■ ACTIVITY
The answer must consist solely of the lines from the one with "Huis te koop" through the last line of the data, copied exactly, with no pictures.

(Short text fragments from websites)
"""

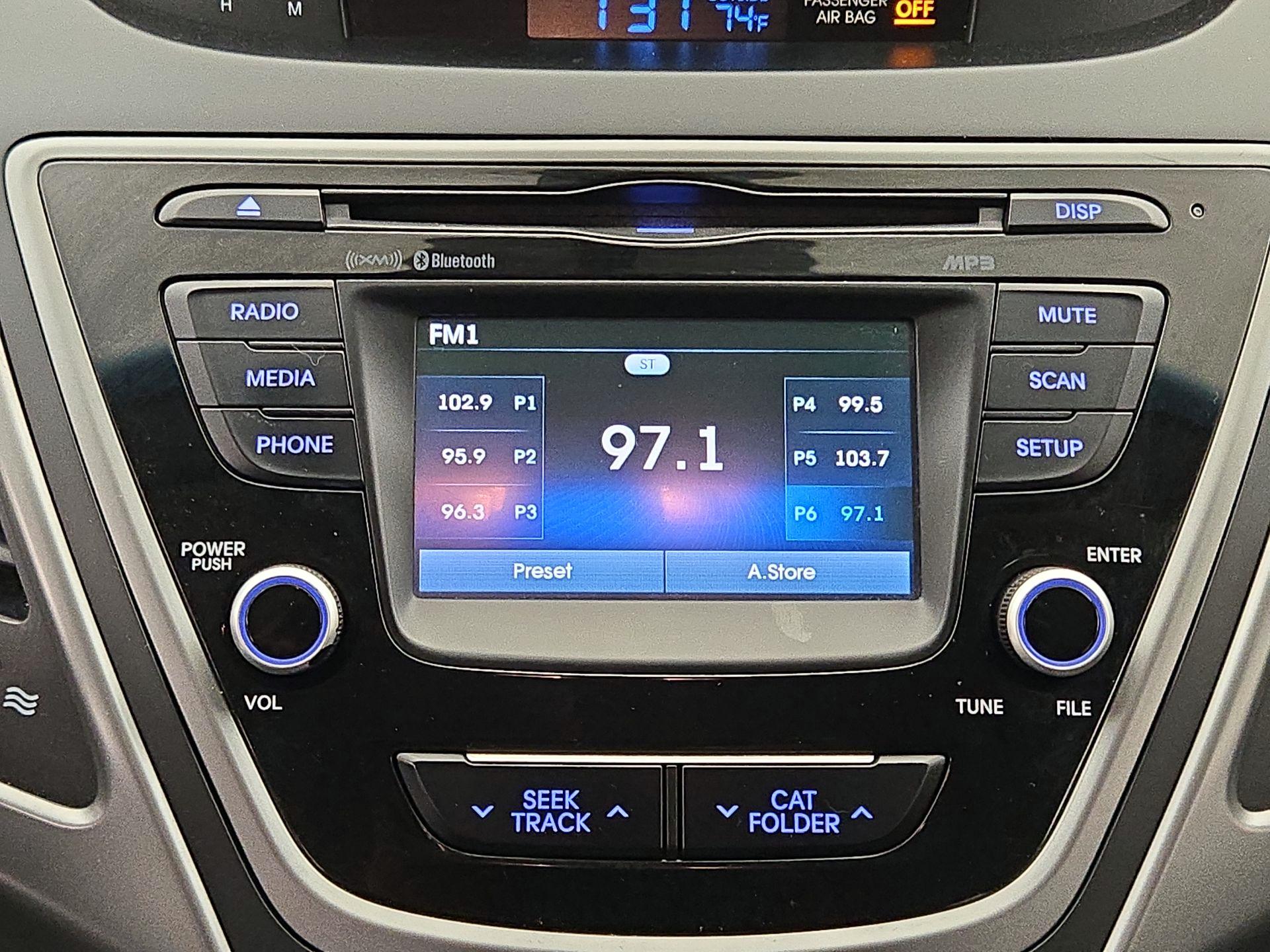 Thumbnail: 2015 Hyundai Elantra - 15
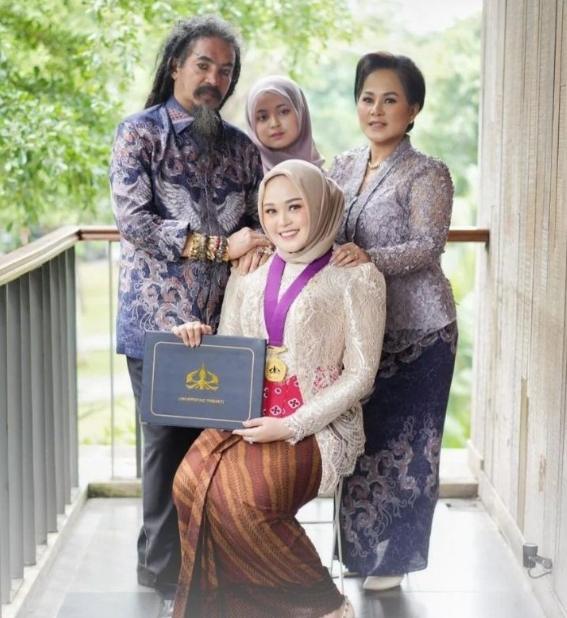 Potret Limbad Dampingi Anak Wisuda. (Instagram/limbadindonesia)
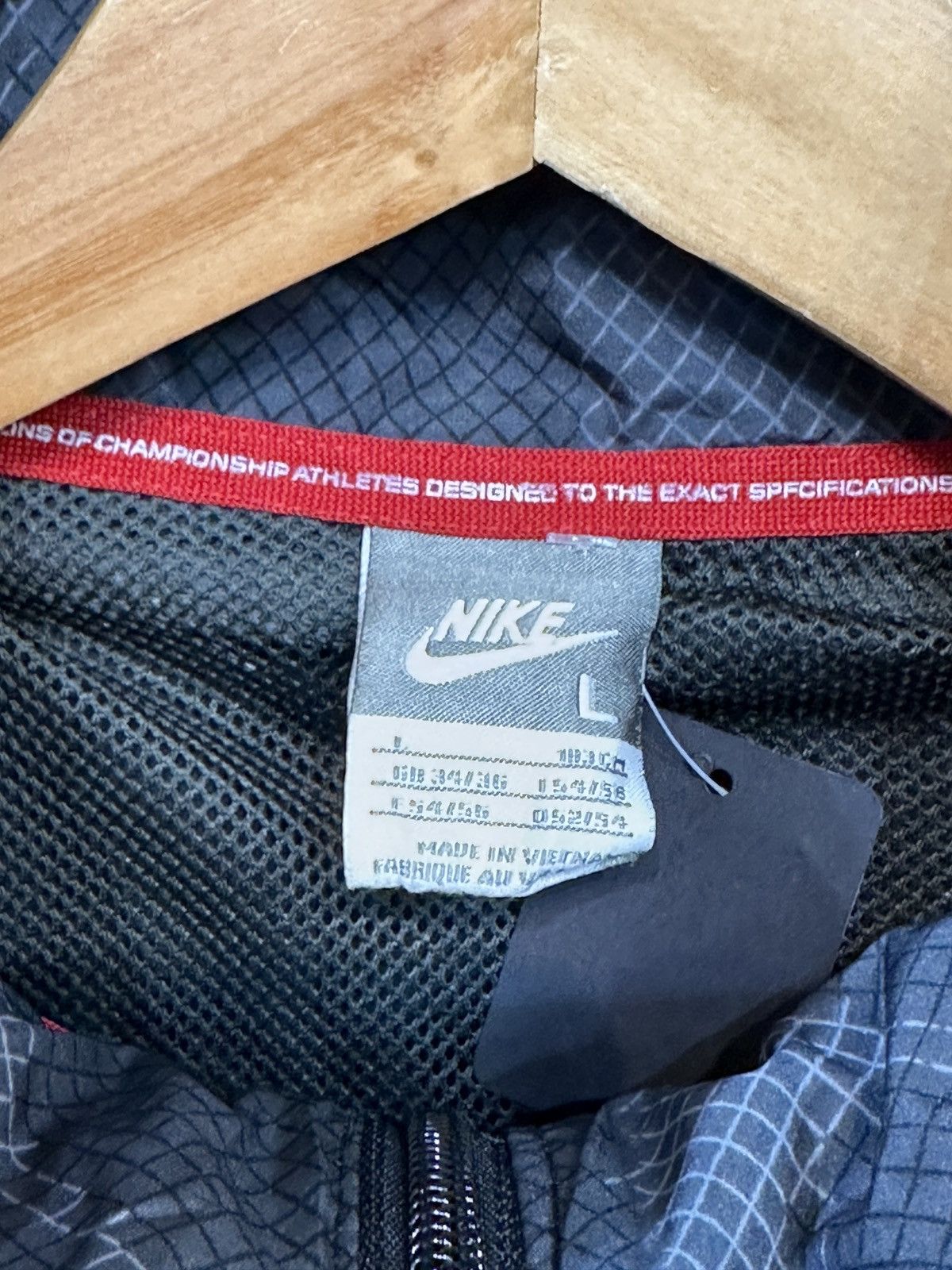 Nike Vintage Nike Air Max LTD Series 00's Full-Zip Jacket Size US L / EU 52-54 / 3 - 9 Thumbnail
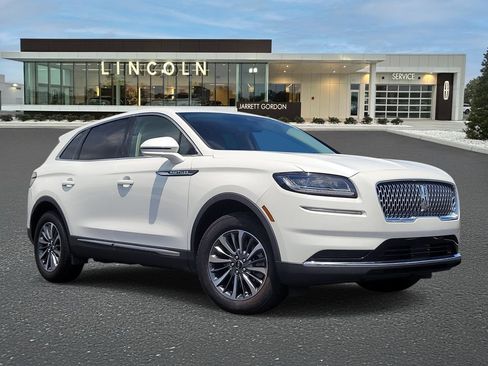 Used 2023 Lincoln Nautilus FWD w/ Premium Package image 1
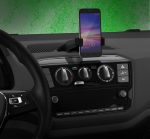 Volkswagen up! connect 2018 en México interior pantalla touch y base smartphone a detalle
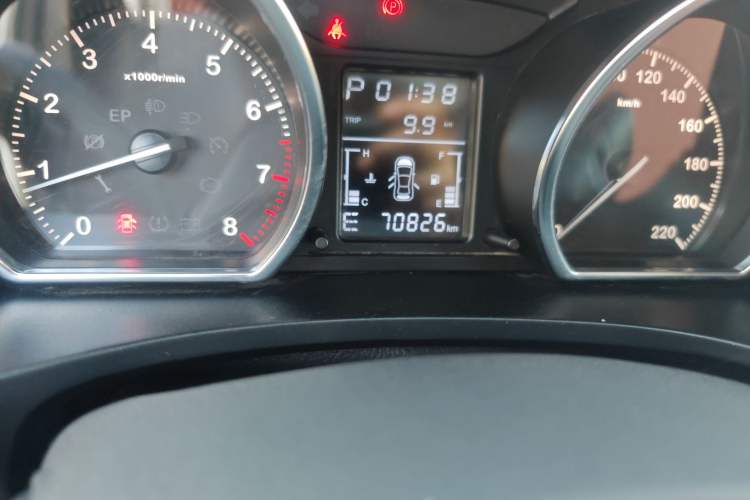 Used Zotye T600 2015 2.0T DCT Prestige Edition Odometer Close Up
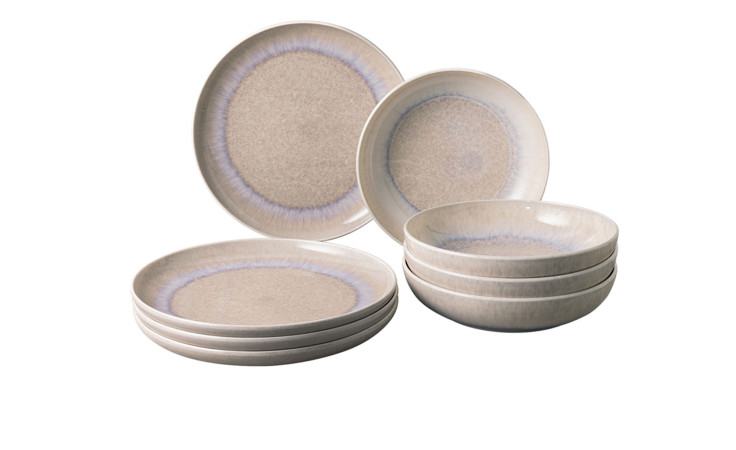Das Villeroy & Boch Tafelservice Perlemor 8-tlg. besteht aus beigen Tellern und Schalen mit dezenten blauen Ringen auf Weiß.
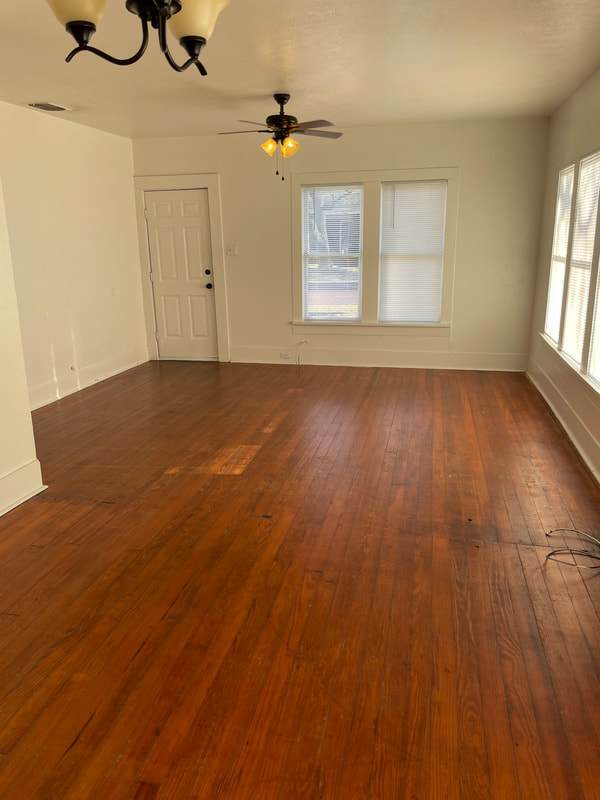 Building Photo - Unique property with so much space!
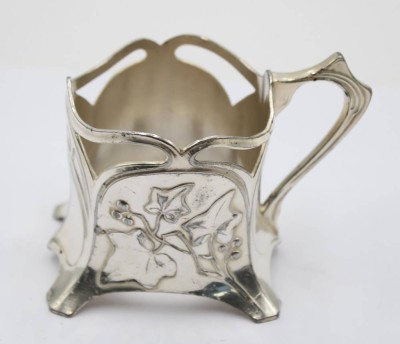 Auktion 356<br>Teeglashalter, WMF Straussenmarke, Jugendstil, H-7,6cm [1]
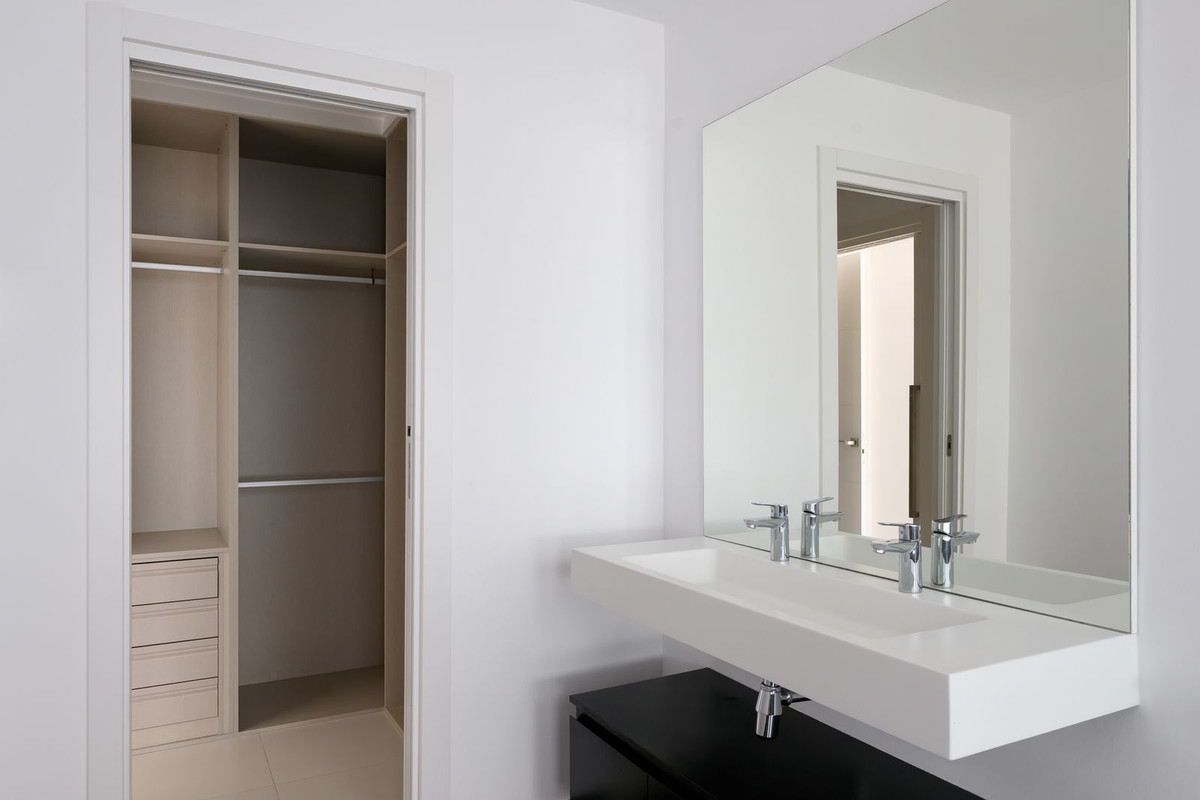 Huis te koop in The Golden Mile | 3 slaapkamers H5412229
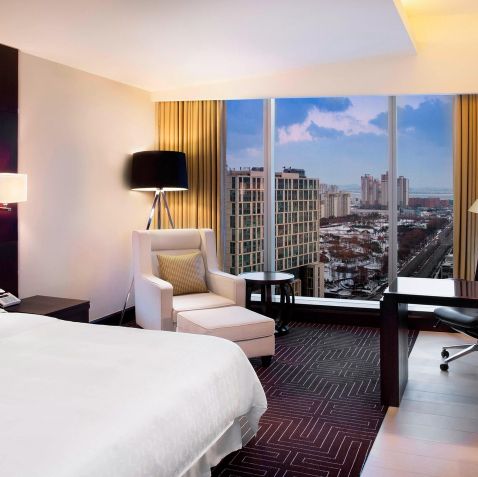 Contemporary Comfort at Sheraton Grand Incheon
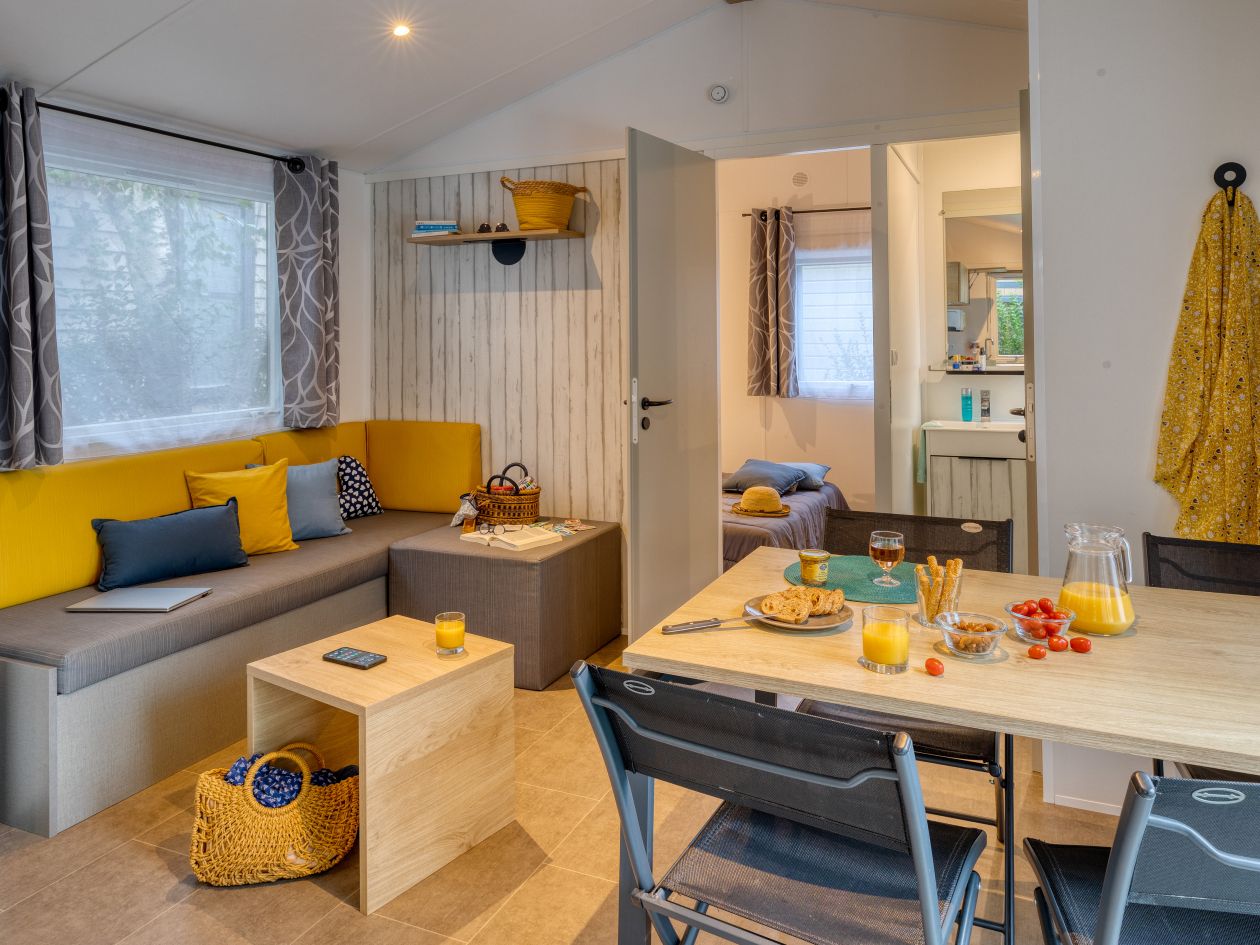 interieur mobil-home 3 soleils © David Glévarec – PLANETE360 Quimper interieur mobil-home 3 soleils © David Glévarec – PLANETE360 Quimper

"""

■ EXERCISE ANSWER
 Huis te koop in The Golden Mile | 3 slaapkamers H5412229
 Contemporary Comfort at Sheraton Grand Incheon
 interieur mobil-home 3 soleils © David Glévarec – PLANETE360 Quimper interieur mobil-home 3 soleils © David Glévarec – PLANETE360 Quimper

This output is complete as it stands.